The long-awaited Bristol Arena and surrounding Temple Quarter Enterprise Zone aims to regenerate a rather neglected area of the city into a thriving new leisure and business destination, stimulating growth and creating new jobs.
The new world-class entertainment venue with 12,000 capacity will be located on Arena Island, the Former Diesel Depot Site near Bristol Temple Meads railway station.

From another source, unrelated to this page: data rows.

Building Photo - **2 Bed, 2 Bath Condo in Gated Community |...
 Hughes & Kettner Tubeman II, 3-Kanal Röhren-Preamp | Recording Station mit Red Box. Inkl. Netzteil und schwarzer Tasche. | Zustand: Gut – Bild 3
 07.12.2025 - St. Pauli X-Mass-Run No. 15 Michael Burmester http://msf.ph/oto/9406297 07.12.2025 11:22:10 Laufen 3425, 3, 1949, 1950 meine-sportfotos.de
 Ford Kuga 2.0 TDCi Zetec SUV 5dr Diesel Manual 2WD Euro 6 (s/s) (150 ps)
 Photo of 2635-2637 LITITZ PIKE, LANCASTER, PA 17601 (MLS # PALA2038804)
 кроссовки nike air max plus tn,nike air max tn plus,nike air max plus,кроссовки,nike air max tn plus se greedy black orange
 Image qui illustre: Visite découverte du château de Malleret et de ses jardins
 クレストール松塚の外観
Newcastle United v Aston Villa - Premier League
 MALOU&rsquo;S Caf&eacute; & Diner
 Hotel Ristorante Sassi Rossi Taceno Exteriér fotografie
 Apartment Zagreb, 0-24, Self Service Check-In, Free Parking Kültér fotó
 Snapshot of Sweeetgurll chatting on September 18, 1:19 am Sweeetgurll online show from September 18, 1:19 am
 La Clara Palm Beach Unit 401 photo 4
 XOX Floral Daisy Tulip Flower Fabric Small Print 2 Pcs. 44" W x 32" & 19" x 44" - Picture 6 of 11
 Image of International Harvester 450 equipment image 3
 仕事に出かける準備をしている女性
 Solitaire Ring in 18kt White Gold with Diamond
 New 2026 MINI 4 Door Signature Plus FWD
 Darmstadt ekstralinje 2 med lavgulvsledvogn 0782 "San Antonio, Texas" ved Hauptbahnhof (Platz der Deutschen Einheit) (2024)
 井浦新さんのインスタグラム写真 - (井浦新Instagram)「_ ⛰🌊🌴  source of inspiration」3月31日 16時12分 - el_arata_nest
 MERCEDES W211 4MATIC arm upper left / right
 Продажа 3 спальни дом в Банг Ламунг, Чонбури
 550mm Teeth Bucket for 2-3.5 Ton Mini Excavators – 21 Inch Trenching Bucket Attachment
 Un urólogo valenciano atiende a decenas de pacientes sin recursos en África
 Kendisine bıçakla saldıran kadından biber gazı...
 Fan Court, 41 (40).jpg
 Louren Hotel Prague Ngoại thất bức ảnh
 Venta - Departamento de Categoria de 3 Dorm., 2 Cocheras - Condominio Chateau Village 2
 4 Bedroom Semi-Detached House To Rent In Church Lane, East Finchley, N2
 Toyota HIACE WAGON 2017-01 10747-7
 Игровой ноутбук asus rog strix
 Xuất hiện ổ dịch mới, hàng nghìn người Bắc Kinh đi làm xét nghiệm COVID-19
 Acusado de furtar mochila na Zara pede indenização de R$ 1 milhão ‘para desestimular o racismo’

It is estimated to host over 100 events a year, including a mix of music, comedy, family entertainment shows, sports events and exhibitions.
Residents living in the city and surrounding areas will no longer have to travel to other cities to see touring arena shows, as it will be in easy reach right on their doorstep and due for completion in 2018.
The arena is being delivered by Bristol City Council and global entertainment and sports design firm Populous; architects Feilden Clegg Bradley Studios; BuroHappold Engineering and sound specialists Vanguardia.
The preferred contractor has been named as Bouygues UK, one of the country's top construction and development companies which has an office in Bristol and a strong presence in the region.
It is part of the global Bouygues group that has experience delivering flagship venues around the world, including the Singapore Sports Hub, the Stade Vélodrome football stadium in Marseille and the Maracanã Stadium in Rio.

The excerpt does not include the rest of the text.